Part 1 – What is cryptocurrency

What’s covered: how Bitcoin and other cryptocurrency works at a high level

Prerequisites: none

Expected outcomes: A basic understanding of the three core concepts in cyptocurrency: distributed vs centralized, blockchain, and mining. You should be able to contrast these against more tranditional currencies, e.g. USD and gold.

Time to completion: 15m

The origins of trade

The oldest written artifact signed by a human was not by a king, priest, or poet. It was by an accountant named Kushim. What did he write? It was a book keeping record. In other words, a historical transaction document. Why? It’s hypothesized that this was out of necessity. The burden of memorizing who obtained what and for what was too much to bear mentally. As a bonus, by being written down it added an extra level of personal security between the parties involved.

ms1717_1
translation: “29,086 measures barley 37 months, Kushim”. Source: MS1717, © The Schøyen Collection, Oslo and London http://www.schoyencollection.com/24-smaller-collections/wine-beer/ms-1717-beer-inanna-uruk

Equally challenging was conducting trade at scale without a baseline currency, i.e. “money”

The concept of money

As civilizations grew, so did the complexities of trade.
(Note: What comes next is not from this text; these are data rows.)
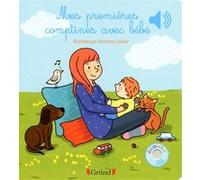Mes premières comptines avec bébé - Livre sonore avec 6 puces - Dès 1 an Séverine Cordier (Auteur)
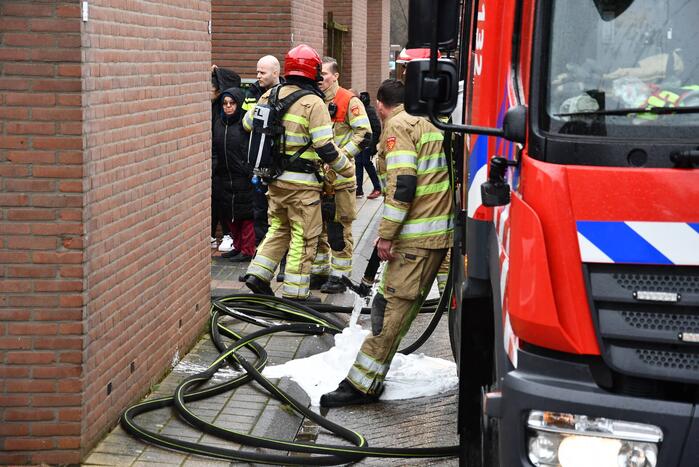 Rookontwikkeling door pannetje op vuur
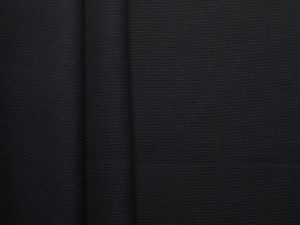 100% Italian Cotton Canvas - Black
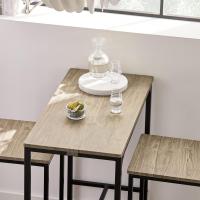 OGT03-N Juegos de Muebles Altas, Mesa de Cafetería, Juego de Balcón de 3 Piezas, Juego de Bar, 1 Mesa y 2 Sillas, ES - details 5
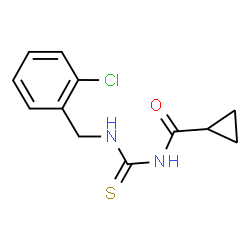ChemSpider 2D Image | N-[(2-Chlorobenzyl)carbamothioyl]cyclopropanecarboxamide | C12H13ClN2OS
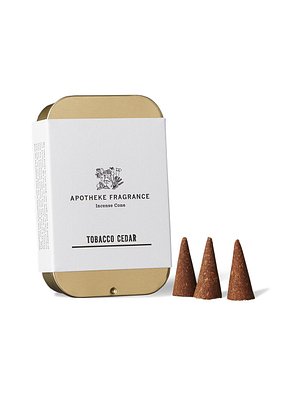 [Apotheke Fragrance]INCENSE CONE / Tobacco Cedar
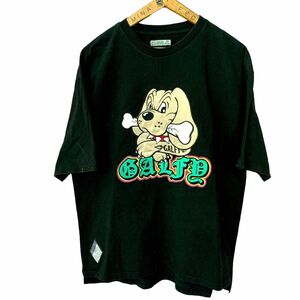 90s GALFY 刺繍 Tシャツ ワッペン オーバーサイズ 中型 ストリート 古着 半袖
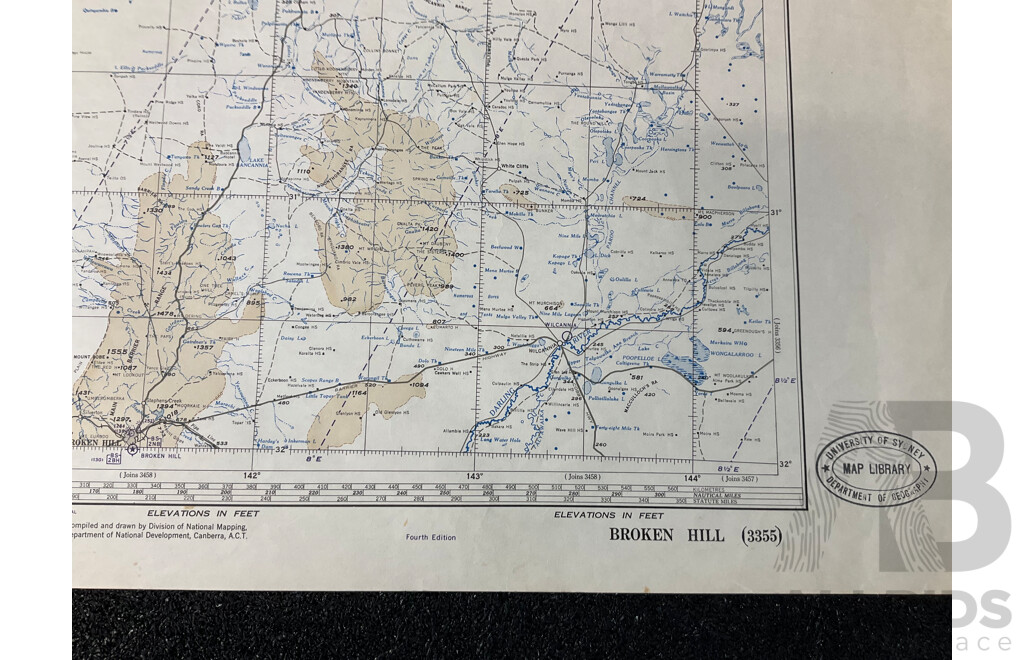 Vintage Collection Australia Broken Hill Map - Lot of 6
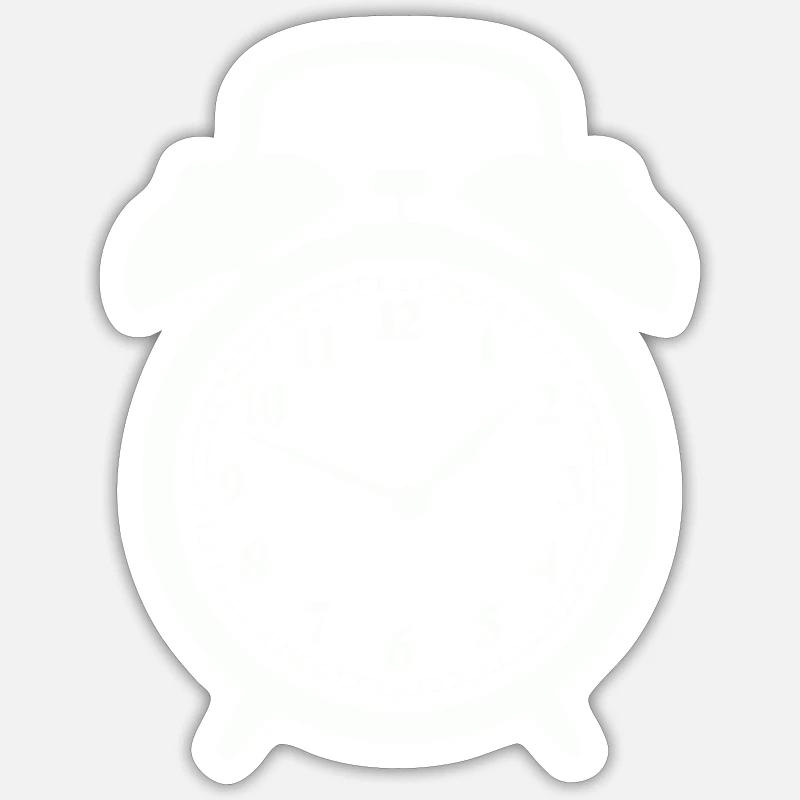 alarm clock Sticker size S (10 x 10 cm)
Before money, every good whether it was wheat, barley, or wood, acted like their own currency. There were many problems with this. For one, determining the exchange rate at any given time was hard. A bundle of wheat may be worth 2 barrels of apples one day but the next it could be completely different depending on how many people are buying and selling each of those. Communicating and calculating this without modern technology was nearly impossible.  Similarly problematic, if I want wheat and only have wood to sell, I have to find someone who specifically wants wood and has wheat to sell. Settlers of Catan anyone?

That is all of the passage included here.